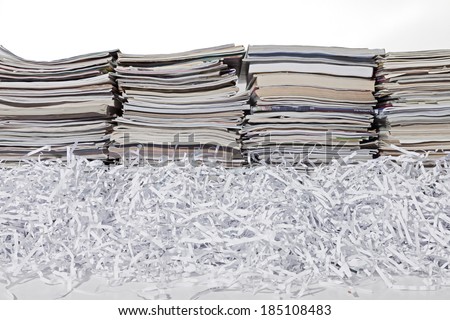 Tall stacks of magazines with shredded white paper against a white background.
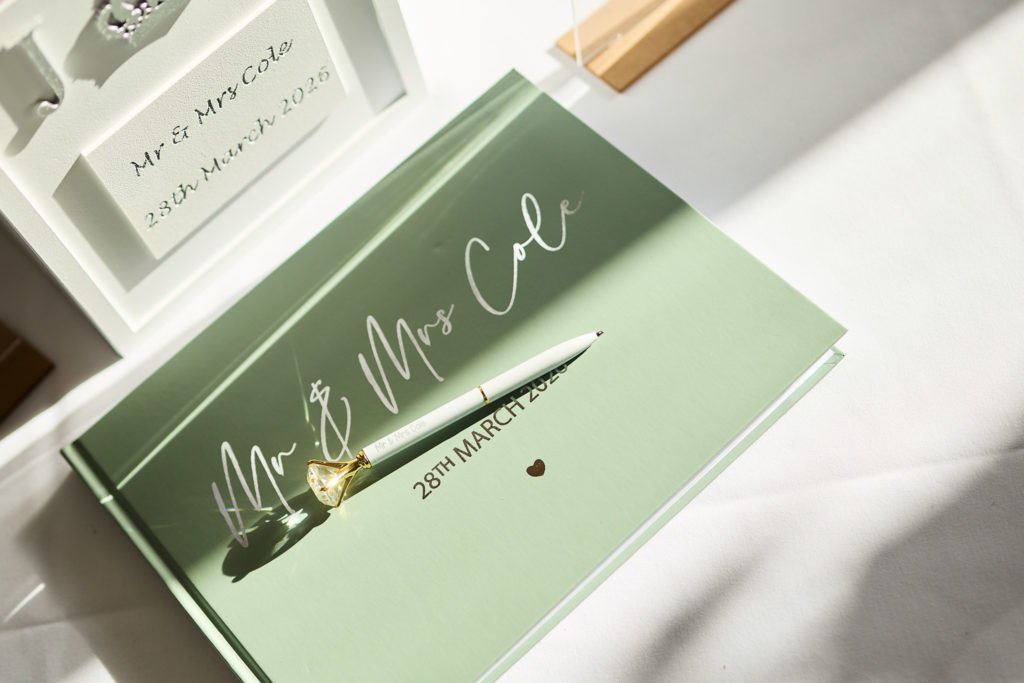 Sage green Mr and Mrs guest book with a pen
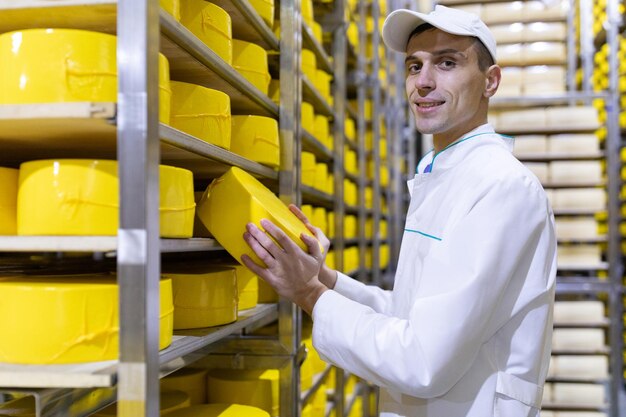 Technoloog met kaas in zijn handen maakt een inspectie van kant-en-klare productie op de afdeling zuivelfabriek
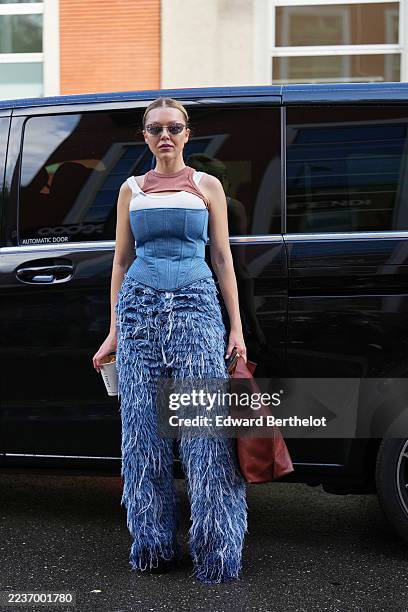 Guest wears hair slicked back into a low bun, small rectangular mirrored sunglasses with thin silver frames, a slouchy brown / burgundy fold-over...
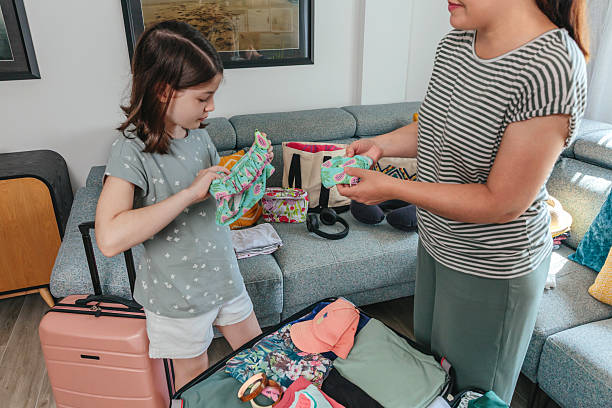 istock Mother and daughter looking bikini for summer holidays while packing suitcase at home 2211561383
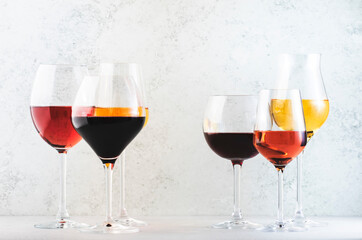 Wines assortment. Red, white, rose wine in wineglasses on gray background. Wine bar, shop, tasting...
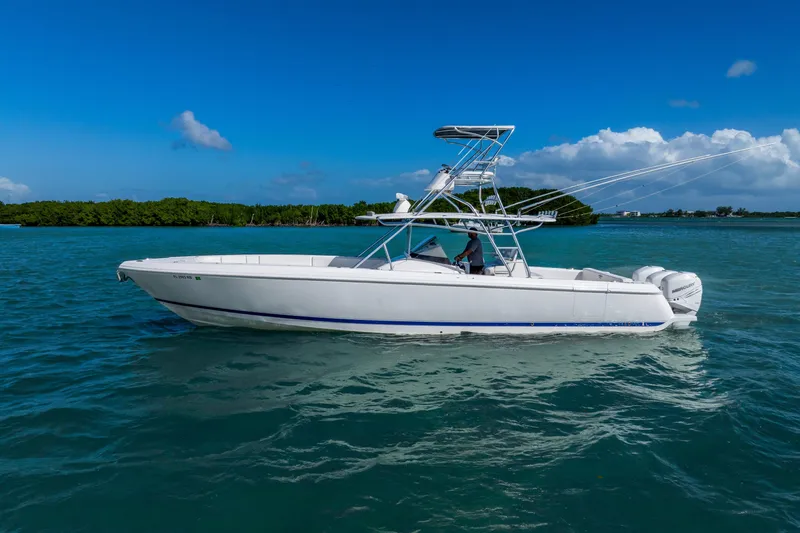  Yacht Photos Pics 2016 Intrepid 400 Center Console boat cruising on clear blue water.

—————

(WORK ORDER) Take the line with "Technoloog met kaas" and each line after it through the end of the material above, and reproduce them exactly, without the pictures.

(EXERCISE SOLUTION)
 Technoloog met kaas in zijn handen maakt een inspectie van kant-en-klare productie op de afdeling zuivelfabriek
 Guest wears hair slicked back into a low bun, small rectangular mirrored sunglasses with thin silver frames, a slouchy brown / burgundy fold-over...
 istock Mother and daughter looking bikini for summer holidays while packing suitcase at home 2211561383
 Wines assortment. Red, white, rose wine in wineglasses on gray background. Wine bar, shop, tasting...
  Yacht Photos Pics 2016 Intrepid 400 Center Console boat cruising on clear blue water.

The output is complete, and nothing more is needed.